- _WHAT YOU NEED TO DO_
Report the number of lines in the data below that hold "Slim", without any other words.
== == ==
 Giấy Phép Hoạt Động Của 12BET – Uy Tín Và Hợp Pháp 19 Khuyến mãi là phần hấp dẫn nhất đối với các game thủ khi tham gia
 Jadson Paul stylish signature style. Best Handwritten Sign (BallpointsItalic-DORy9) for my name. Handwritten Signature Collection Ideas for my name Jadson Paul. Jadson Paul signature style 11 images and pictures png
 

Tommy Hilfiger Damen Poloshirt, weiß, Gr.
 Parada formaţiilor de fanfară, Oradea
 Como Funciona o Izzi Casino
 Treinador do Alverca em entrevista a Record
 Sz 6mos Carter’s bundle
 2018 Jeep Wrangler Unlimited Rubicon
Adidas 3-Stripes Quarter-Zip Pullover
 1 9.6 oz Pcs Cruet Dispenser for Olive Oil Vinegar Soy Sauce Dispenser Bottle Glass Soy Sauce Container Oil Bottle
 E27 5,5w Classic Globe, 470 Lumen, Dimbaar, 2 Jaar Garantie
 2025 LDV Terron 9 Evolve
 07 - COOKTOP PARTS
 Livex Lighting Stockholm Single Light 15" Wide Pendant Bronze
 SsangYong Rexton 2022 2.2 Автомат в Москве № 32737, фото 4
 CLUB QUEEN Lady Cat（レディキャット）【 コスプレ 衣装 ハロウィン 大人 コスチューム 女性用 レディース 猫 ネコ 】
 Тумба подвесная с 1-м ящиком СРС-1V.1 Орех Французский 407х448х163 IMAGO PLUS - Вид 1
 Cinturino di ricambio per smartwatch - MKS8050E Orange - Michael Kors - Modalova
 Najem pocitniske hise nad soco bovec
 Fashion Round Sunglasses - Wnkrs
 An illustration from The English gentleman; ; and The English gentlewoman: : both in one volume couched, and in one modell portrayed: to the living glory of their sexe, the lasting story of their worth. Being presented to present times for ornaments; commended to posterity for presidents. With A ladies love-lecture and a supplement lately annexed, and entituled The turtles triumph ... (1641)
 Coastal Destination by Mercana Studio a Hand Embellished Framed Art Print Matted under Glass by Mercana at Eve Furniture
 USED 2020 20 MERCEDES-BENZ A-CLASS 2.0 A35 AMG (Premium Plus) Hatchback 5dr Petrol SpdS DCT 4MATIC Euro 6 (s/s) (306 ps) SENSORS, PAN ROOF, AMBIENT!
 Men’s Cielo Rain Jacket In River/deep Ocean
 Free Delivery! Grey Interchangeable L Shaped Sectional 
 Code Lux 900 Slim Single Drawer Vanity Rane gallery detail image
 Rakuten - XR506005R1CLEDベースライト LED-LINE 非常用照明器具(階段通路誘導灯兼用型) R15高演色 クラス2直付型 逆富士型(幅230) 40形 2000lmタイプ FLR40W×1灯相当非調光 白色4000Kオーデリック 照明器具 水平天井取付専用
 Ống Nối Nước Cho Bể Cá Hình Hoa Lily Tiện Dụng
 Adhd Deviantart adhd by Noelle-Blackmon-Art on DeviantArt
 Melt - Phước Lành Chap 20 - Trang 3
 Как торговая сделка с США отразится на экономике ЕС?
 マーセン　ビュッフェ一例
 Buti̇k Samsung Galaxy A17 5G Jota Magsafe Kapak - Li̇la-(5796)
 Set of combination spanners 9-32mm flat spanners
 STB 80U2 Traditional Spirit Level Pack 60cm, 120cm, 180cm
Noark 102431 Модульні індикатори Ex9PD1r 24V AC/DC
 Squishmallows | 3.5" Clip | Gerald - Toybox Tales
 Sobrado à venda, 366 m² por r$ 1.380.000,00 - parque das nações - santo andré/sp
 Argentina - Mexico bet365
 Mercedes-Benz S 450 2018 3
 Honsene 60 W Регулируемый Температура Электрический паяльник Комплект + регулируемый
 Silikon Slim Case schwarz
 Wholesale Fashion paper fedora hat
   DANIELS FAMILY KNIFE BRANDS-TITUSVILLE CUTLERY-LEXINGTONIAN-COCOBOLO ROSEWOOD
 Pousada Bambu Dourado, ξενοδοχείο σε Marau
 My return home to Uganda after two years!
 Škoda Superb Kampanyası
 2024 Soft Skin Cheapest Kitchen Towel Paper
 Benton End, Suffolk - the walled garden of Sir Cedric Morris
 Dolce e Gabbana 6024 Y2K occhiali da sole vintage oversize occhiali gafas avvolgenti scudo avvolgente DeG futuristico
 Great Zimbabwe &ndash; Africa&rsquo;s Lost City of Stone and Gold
== == ==
- _TASK RESPONSE_
2